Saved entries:
==============================
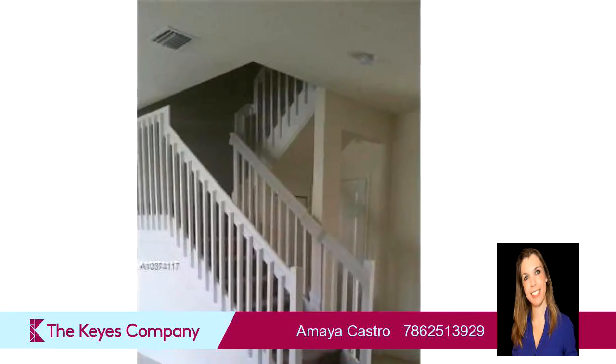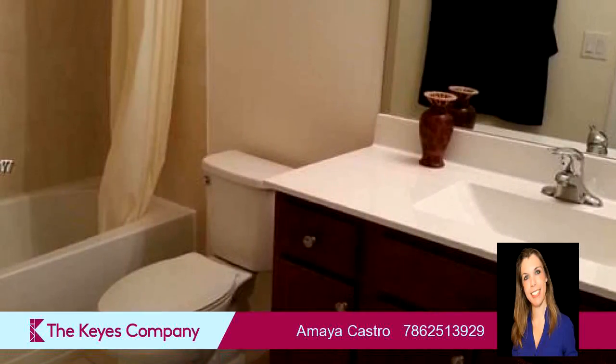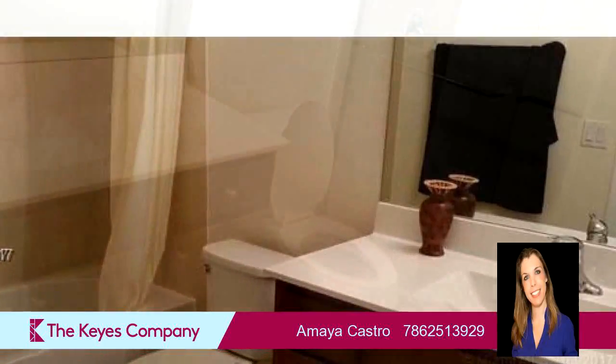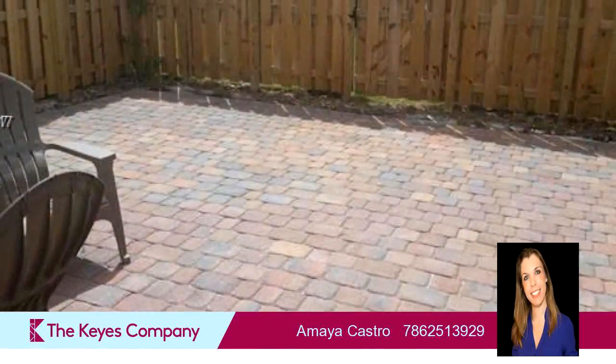On the outside, this property features a fenced yard. Community amenities include a community clubhouse. The approximate square footage is 1,668 square feet. This property is represented by Amaya Castro at the Kaiser Company.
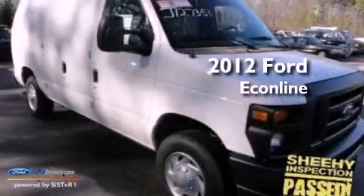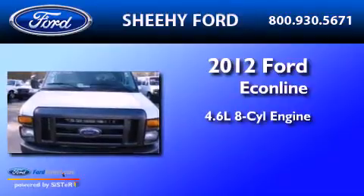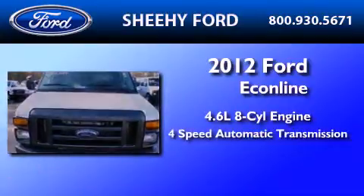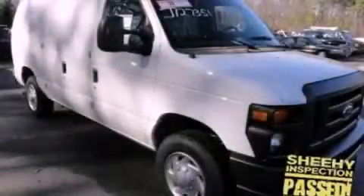This is a 2012 Ford Econoline. It features a 4.6 liter 8-cylinder engine and a 4-speed automatic transmission. This automobile won't last long at this price. Call and arrange a test drive now.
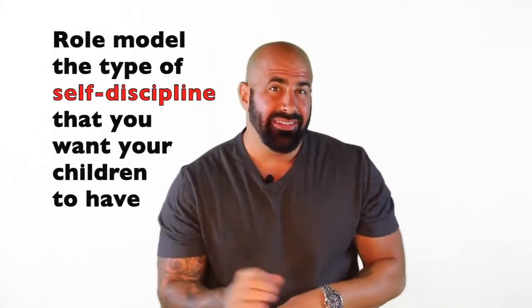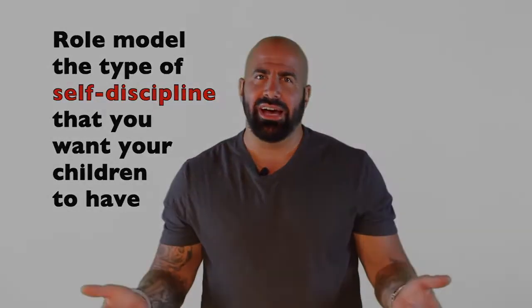Step number ten: role model the type of self-discipline that you want your children to have.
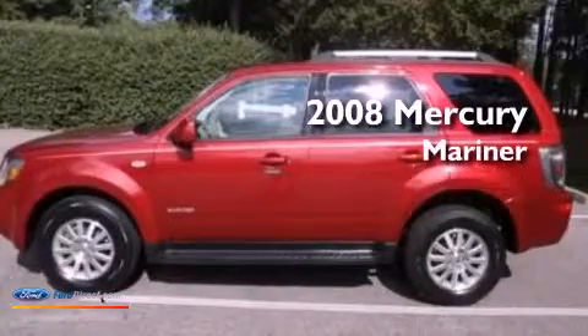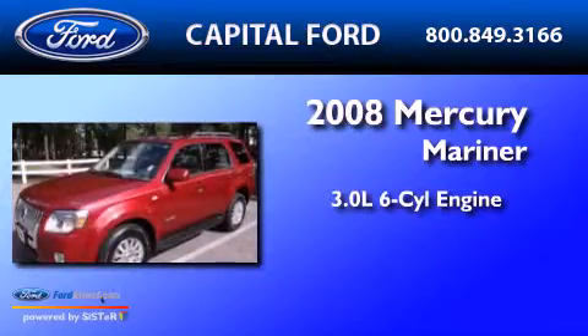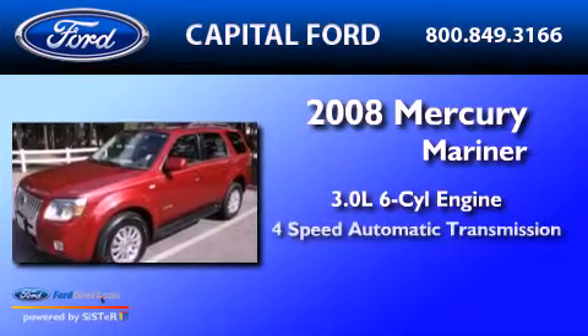This is a 2008 Mercury Mariner. It features a 3.0-liter six-cylinder engine and a four-speed automatic transmission.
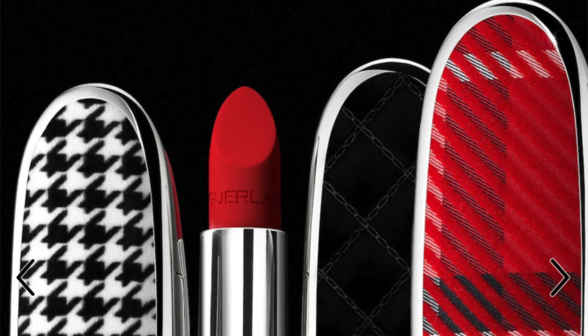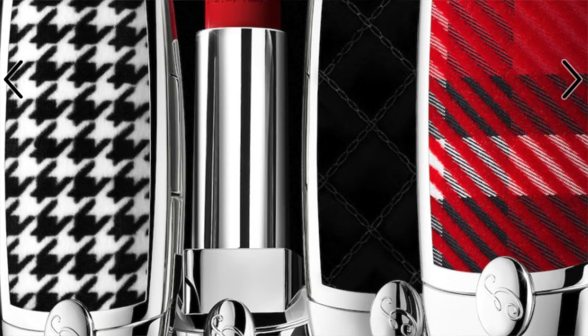Hi friends, welcome back to my channel. So for today's video, we're talking about these beautiful new Le Rouge G Velvet Lipsticks and Cases from Guerlain. But before we go any further, let's take a second to grab our iced coffee or a hot coffee, take a sip, and let's get started.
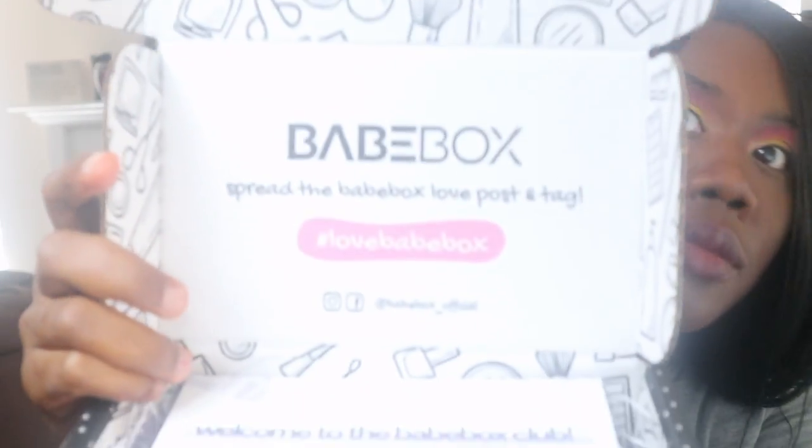It says Bait Box — spread the Bait Box love, post and tag hashtag Love Bait Box. Let's see what we got. It says: 'Welcome to the Bait Box Club. We are here to introduce you to new beauty products you will love. Every month we'll curate and send you five to six amazing full-size products picked by the world's biggest beauty bloggers.' The total value of this box is $102 and apparently I got some good stuff.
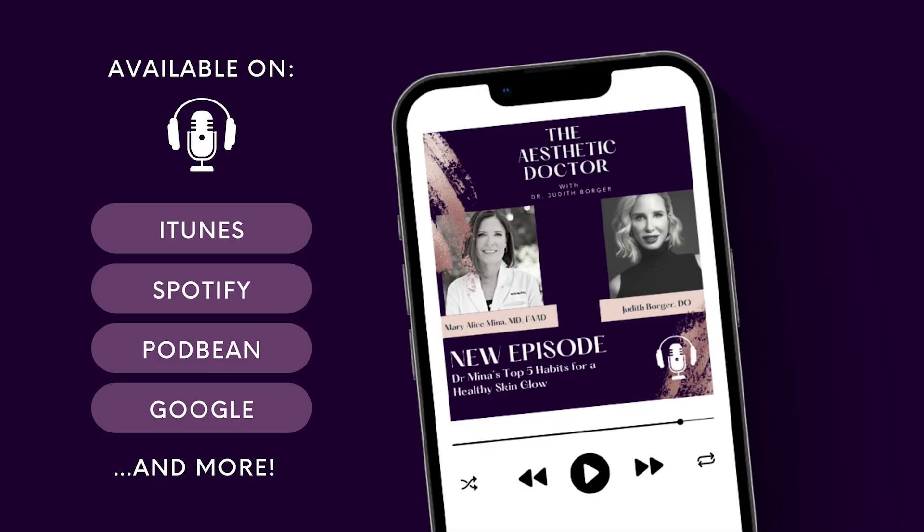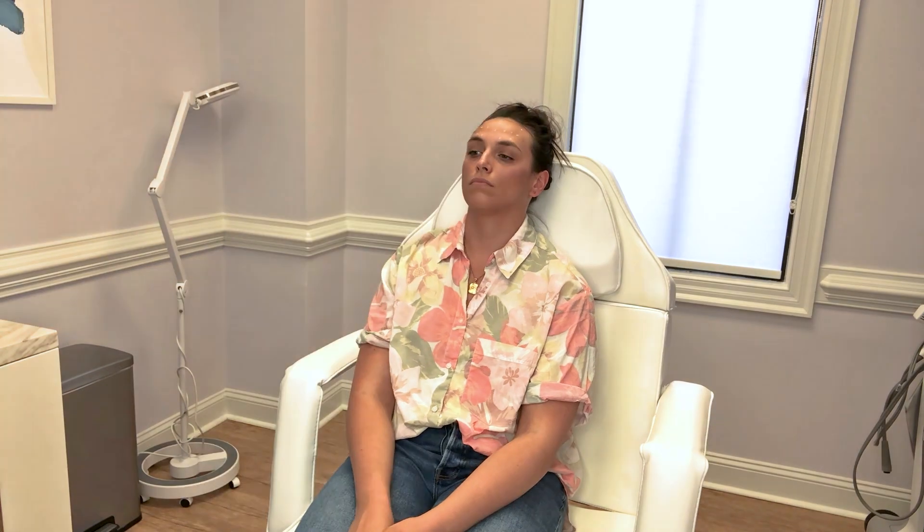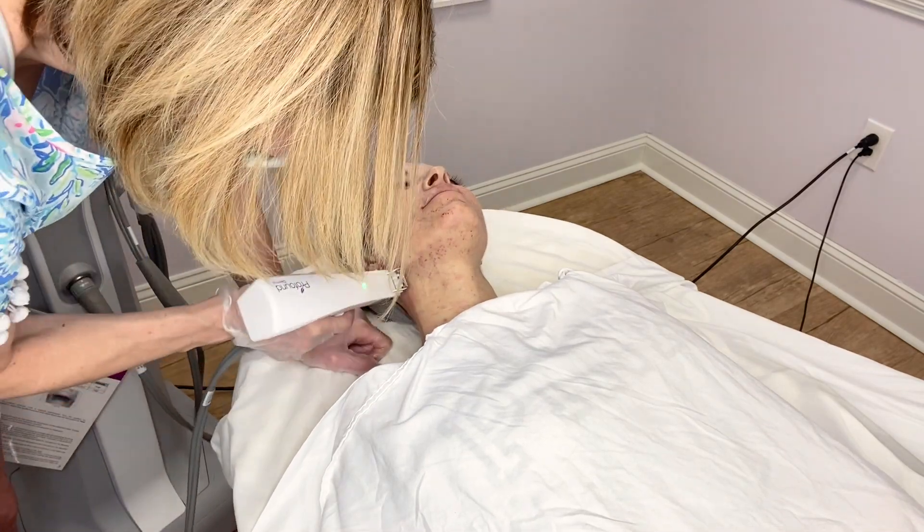Welcome to the Aesthetic Doctor Podcast. We don't shy away and keep secrets here. We empower you with education, telling you the truth about all things aesthetic medicine while encouraging you to be the best version of yourself. It's time to look great and feel good doing it.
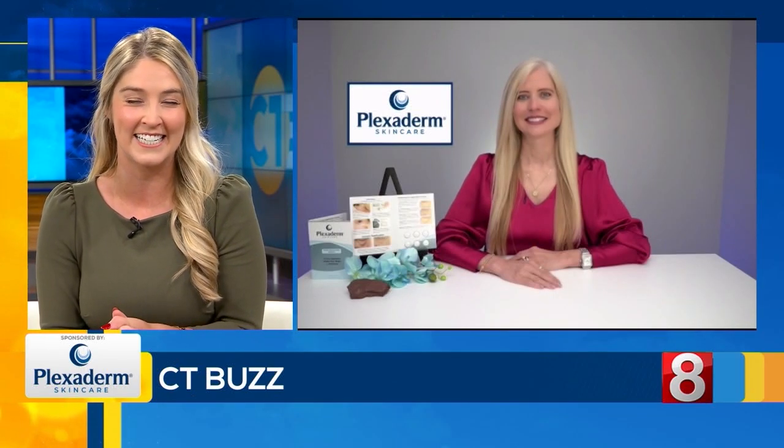Hi everyone, I'm Jillian Andrews. If you're looking to shrink your under-eye bags and wrinkles, our guest today has a potential solution. Here to tell us all about Plexiderm is lifestyle expert Annette Figueroa. Welcome to CT Buzz, Annette. Thank you so much for having me, Jillian.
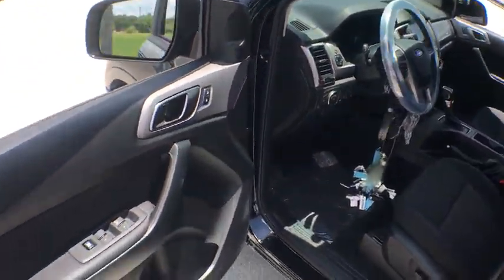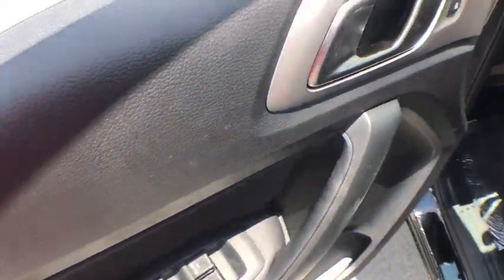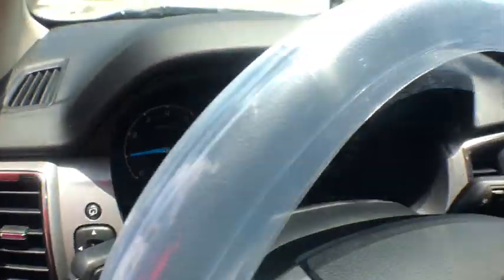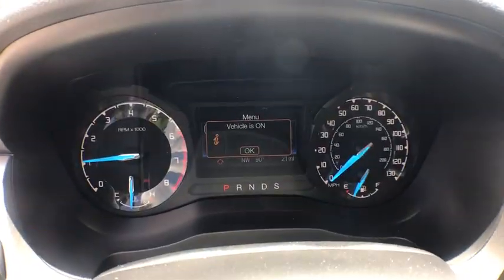Rear window defroster, security system, trip computer, power windows, Sirius satellite radio, panic alarm, overhead console, remote keyless entry, brake assist.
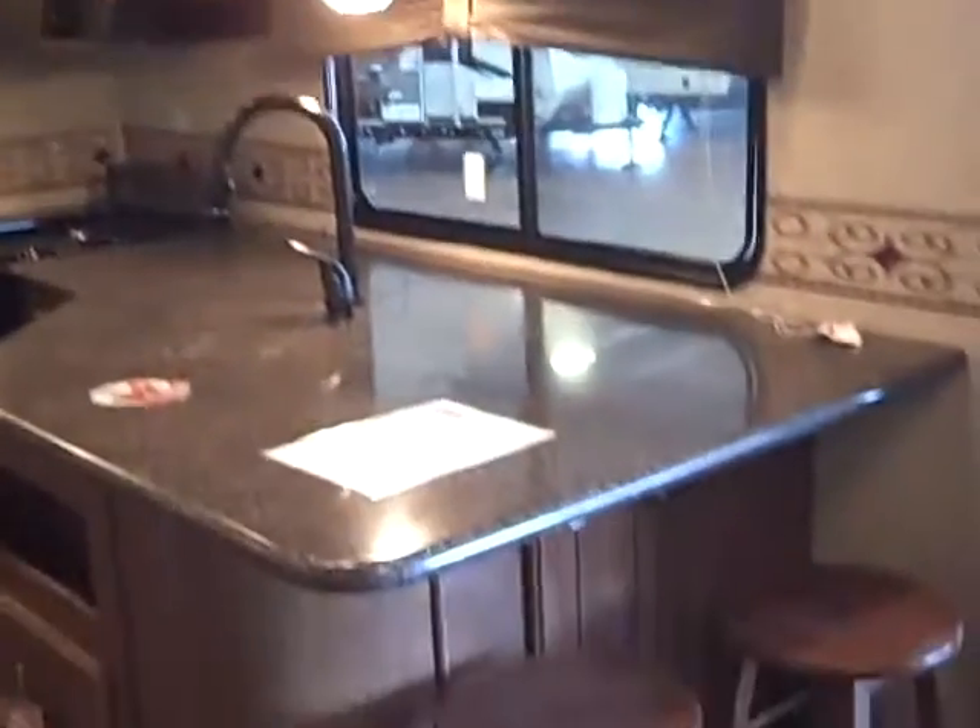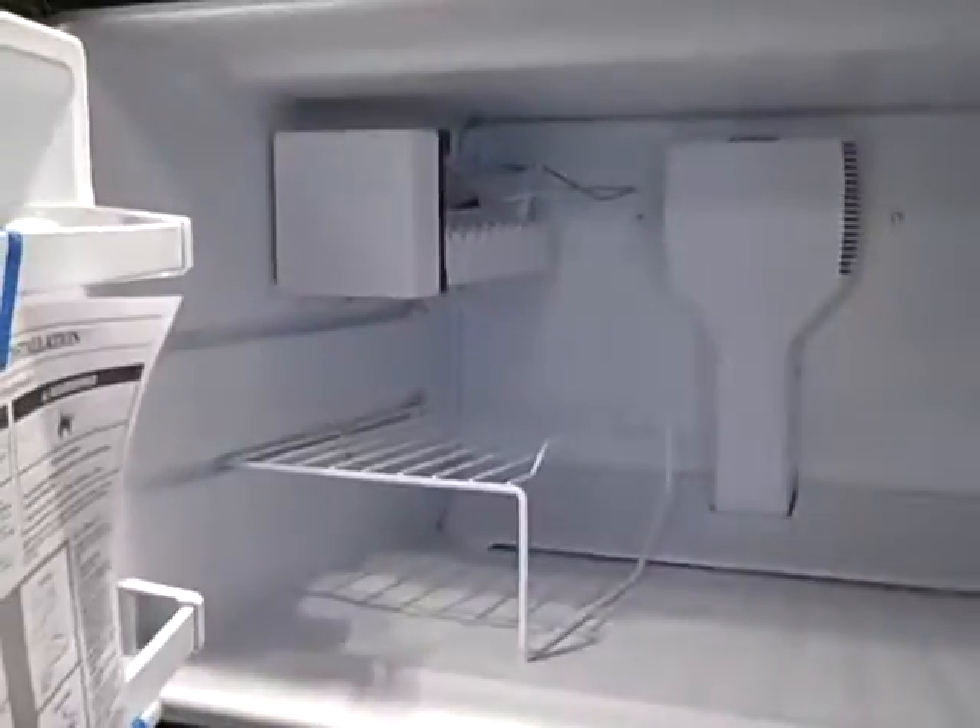Solid surface countertops, bar stools. This floor really looks nice, right up to the fireplace there. Nice big long kitchen, pull-out faucets, nice residential microwave, nice residential fridge with ice maker. Nice big pantry, lots of lights in this thing — huge pantry.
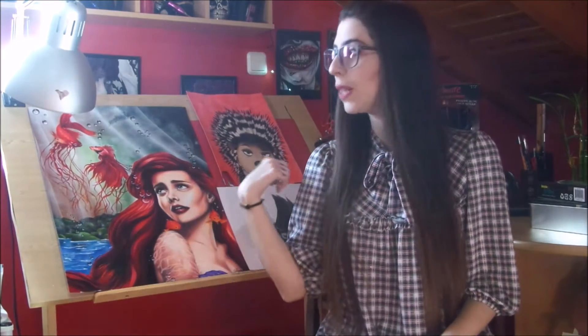Hey everyone, thank you for joining me today. This is the first vlog for my channel and I thought I should keep it pretty simple. Today I'm going to talk to you about my top five favorite art materials for 2016, in case you want to purchase them yourself or just to share them with you.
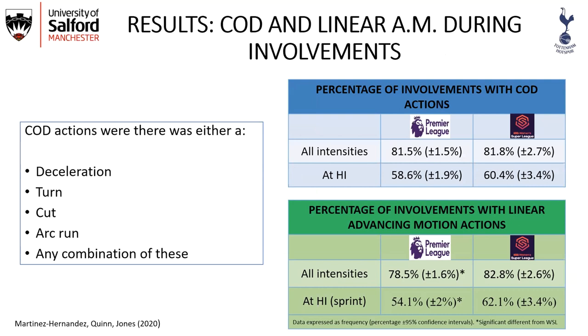Regarding change of direction actions — defined as when there was a deceleration, a turn, a cut, an arc run, or any combination — in approximately 81% of all involvements there was a change of direction action, and at high intensity this was around 60% in both leagues. For linear advancing motion, 78% and 82% of involvements included a linear advancing motion, but when looking only at sprints, this dropped to 54% and 62%. WSL showed significantly higher intensities and more linear advancing motions across more involvements compared to the English Premier League.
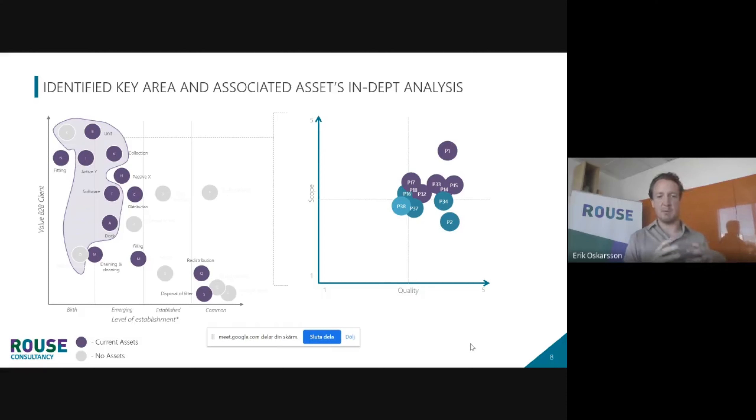Then we can merge this analysis with the first step, combining and saying: in this space — which we believe is a high-value space, the purple area — what assets do we have, how well aligned are they, and what kind of scope and quality are we talking about? This gives us an indication of what we need to do and what our position is. That's a key combination of a very detailed IP analysis with a more general business analysis, even in a format that perhaps isn't so established.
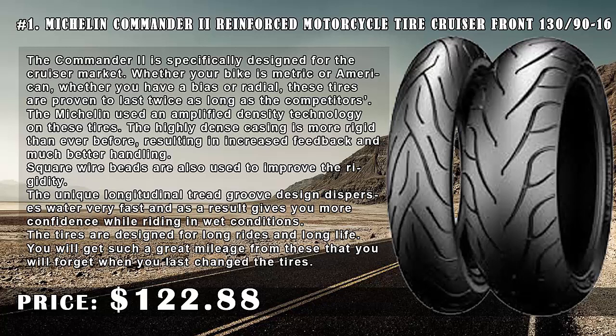Square wire beads are also used to improve rigidity. The unique longitudinal tread groove design disperses water very fast and as a result gives you more confidence while riding in wet conditions. The tires are designed for long rides and long life. You will get such great mileage from these tires.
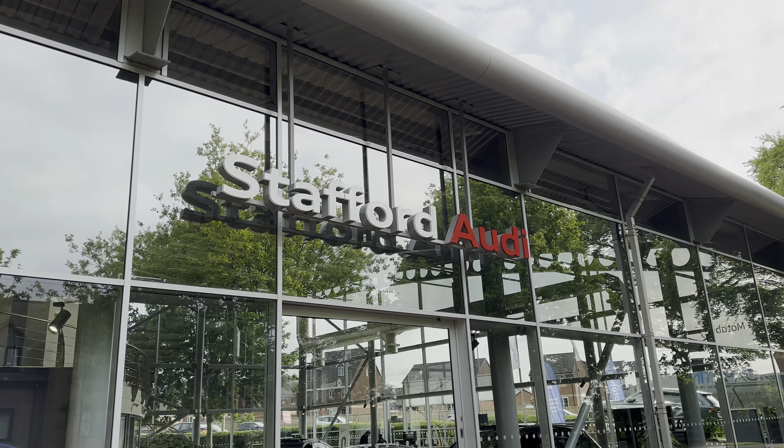Upon entering the Q5 you're greeted by this three-spoke leather multifunction steering wheel which has all the important buttons right at your fingertips. Over on the left you've got the controls for Audi's Virtual Cockpit — your digital dash screen — it is absolutely brilliant, I'll show you that in just a second. Below that you'll find your cruise control and speed limiter, and over on the right your media controls, telephone control, and voice control. Behind that is Audi's famous Virtual Cockpit where you can see navigation, telephone, and media display.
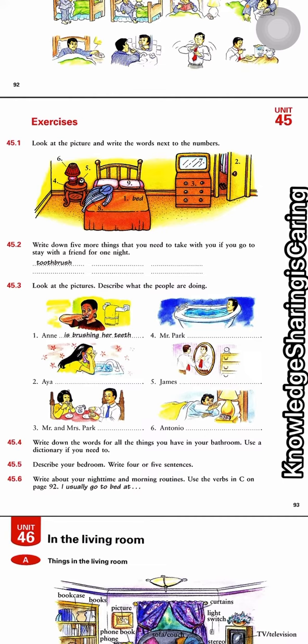Number five: describe your bedroom — write four or five sentences. So, what do you have in your bedroom? What does your bedroom look like? Is your bedroom big or small? Do you have a closet in your bedroom?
==============================
Assignment: An exact reproduction of every record above is required, with no pictures included.

Exercise result:
On the outside, this property features a fenced yard. Community amenities include a community clubhouse. The approximate square footage is 1,668 square feet. This property is represented by Amaya Castro at the Kaiser Company.
This is a 2012 Ford Econoline. It features a 4.6 liter 8-cylinder engine and a 4-speed automatic transmission. This automobile won't last long at this price. Call and arrange a test drive now.
Step number ten: role model the type of self-discipline that you want your children to have.
This is a 2008 Mercury Mariner. It features a 3.0-liter six-cylinder engine and a four-speed automatic transmission.
Hi friends, welcome back to my channel. So for today's video, we're talking about these beautiful new Le Rouge G Velvet Lipsticks and Cases from Guerlain. But before we go any further, let's take a second to grab our iced coffee or a hot coffee, take a sip, and let's get started.
It says Bait Box — spread the Bait Box love, post and tag hashtag Love Bait Box. Let's see what we got. It says: 'Welcome to the Bait Box Club. We are here to introduce you to new beauty products you will love. Every month we'll curate and send you five to six amazing full-size products picked by the world's biggest beauty bloggers.' The total value of this box is $102 and apparently I got some good stuff.
Welcome to the Aesthetic Doctor Podcast. We don't shy away and keep secrets here. We empower you with education, telling you the truth about all things aesthetic medicine while encouraging you to be the best version of yourself. It's time to look great and feel good doing it.
Hi everyone, I'm Jillian Andrews. If you're looking to shrink your under-eye bags and wrinkles, our guest today has a potential solution. Here to tell us all about Plexiderm is lifestyle expert Annette Figueroa. Welcome to CT Buzz, Annette. Thank you so much for having me, Jillian.
Rear window defroster, security system, trip computer, power windows, Sirius satellite radio, panic alarm, overhead console, remote keyless entry, brake assist.
Solid surface countertops, bar stools. This floor really looks nice, right up to the fireplace there. Nice big long kitchen, pull-out faucets, nice residential microwave, nice residential fridge with ice maker. Nice big pantry, lots of lights in this thing — huge pantry.
Hey everyone, thank you for joining me today. This is the first vlog for my channel and I thought I should keep it pretty simple. Today I'm going to talk to you about my top five favorite art materials for 2016, in case you want to purchase them yourself or just to share them with you.
Regarding change of direction actions — defined as when there was a deceleration, a turn, a cut, an arc run, or any combination — in approximately 81% of all involvements there was a change of direction action, and at high intensity this was around 60% in both leagues. For linear advancing motion, 78% and 82% of involvements included a linear advancing motion, but when looking only at sprints, this dropped to 54% and 62%. WSL showed significantly higher intensities and more linear advancing motions across more involvements compared to the English Premier League.
Then we can merge this analysis with the first step, combining and saying: in this space — which we believe is a high-value space, the purple area — what assets do we have, how well aligned are they, and what kind of scope and quality are we talking about? This gives us an indication of what we need to do and what our position is. That's a key combination of a very detailed IP analysis with a more general business analysis, even in a format that perhaps isn't so established.
Square wire beads are also used to improve rigidity. The unique longitudinal tread groove design disperses water very fast and as a result gives you more confidence while riding in wet conditions. The tires are designed for long rides and long life. You will get such great mileage from these tires.
Upon entering the Q5 you're greeted by this three-spoke leather multifunction steering wheel which has all the important buttons right at your fingertips. Over on the left you've got the controls for Audi's Virtual Cockpit — your digital dash screen — it is absolutely brilliant, I'll show you that in just a second. Below that you'll find your cruise control and speed limiter, and over on the right your media controls, telephone control, and voice control. Behind that is Audi's famous Virtual Cockpit where you can see navigation, telephone, and media display.
Number five: describe your bedroom — write four or five sentences. So, what do you have in your bedroom? What does your bedroom look like? Is your bedroom big or small? Do you have a closet in your bedroom?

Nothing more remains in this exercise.